PROBLEM. All lines from the one containing "На пішохідному переході" through the last line of the listing should be given again exactly, with no pictures.

----

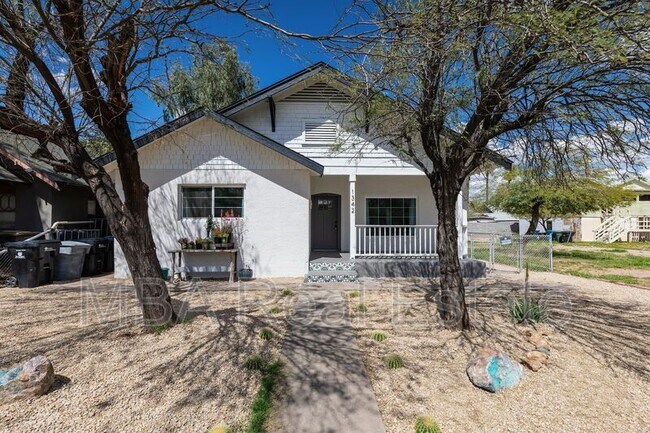 Primary Photo - 1342 W Monroe St
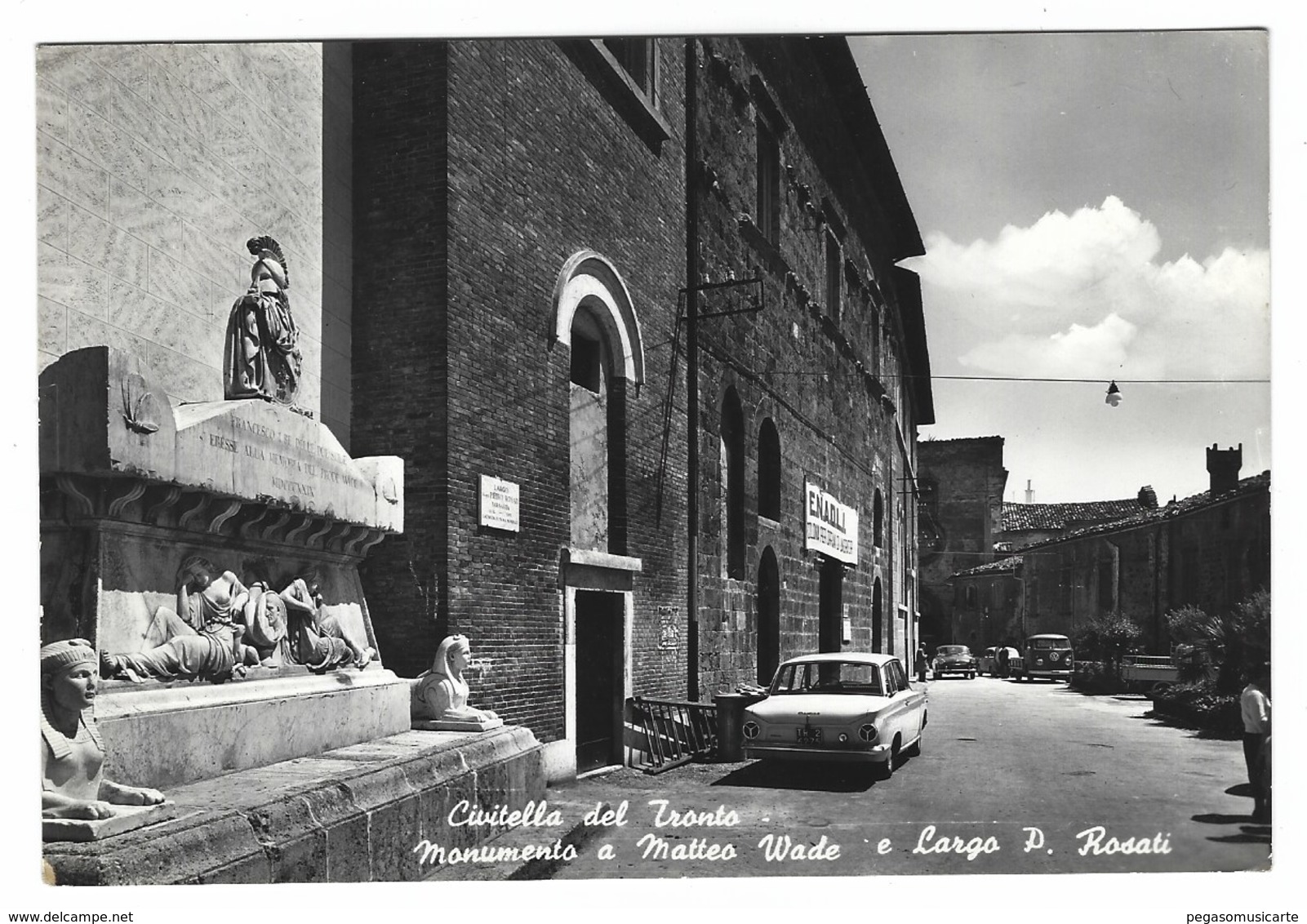 2540 - CIVITELLA DEL TRONTO TERAMO MONUMENTO A MATTEO WADE E LARGO ROSATI 1968 - Altri & Non Classificati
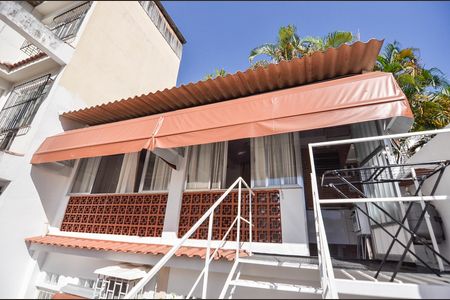 Studio para alugar com 22m², 1 quarto e sem vaga Studio para alugar com 22m², 1 quarto e sem vagaFachada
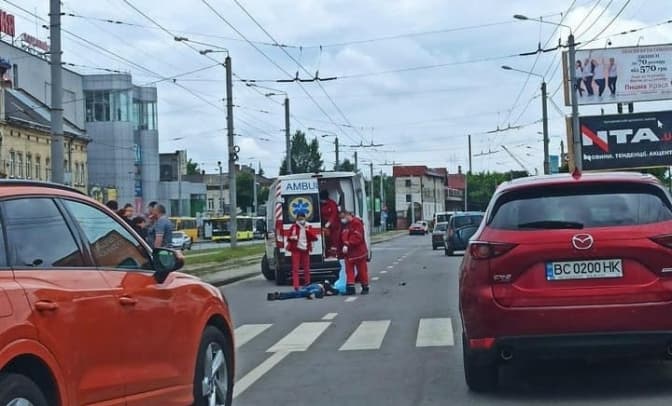 На пішохідному переході у Львові водій збив на смерть 39-річного чоловіка
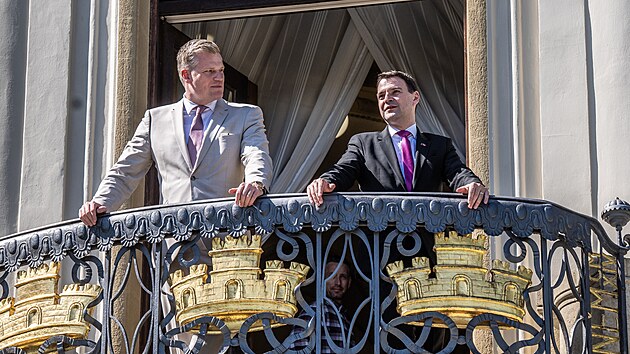 Poslanec Filip Turek a ministr zahrani�� Petr Macinka (Motorist�) na balkon� Kram��ov� vily po tiskov� konferenci k vyhodnocen� pln�n� programov�ho prohl�en� vl�dy za prvn� pololet� roku 2026. (9. �ervence 2026)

----

EXERCISE OUTPUT.
 На пішохідному переході у Львові водій збив на смерть 39-річного чоловіка
 Poslanec Filip Turek a ministr zahrani�� Petr Macinka (Motorist�) na balkon� Kram��ov� vily po tiskov� konferenci k vyhodnocen� pln�n� programov�ho prohl�en� vl�dy za prvn� pololet� roku 2026. (9. �ervence 2026)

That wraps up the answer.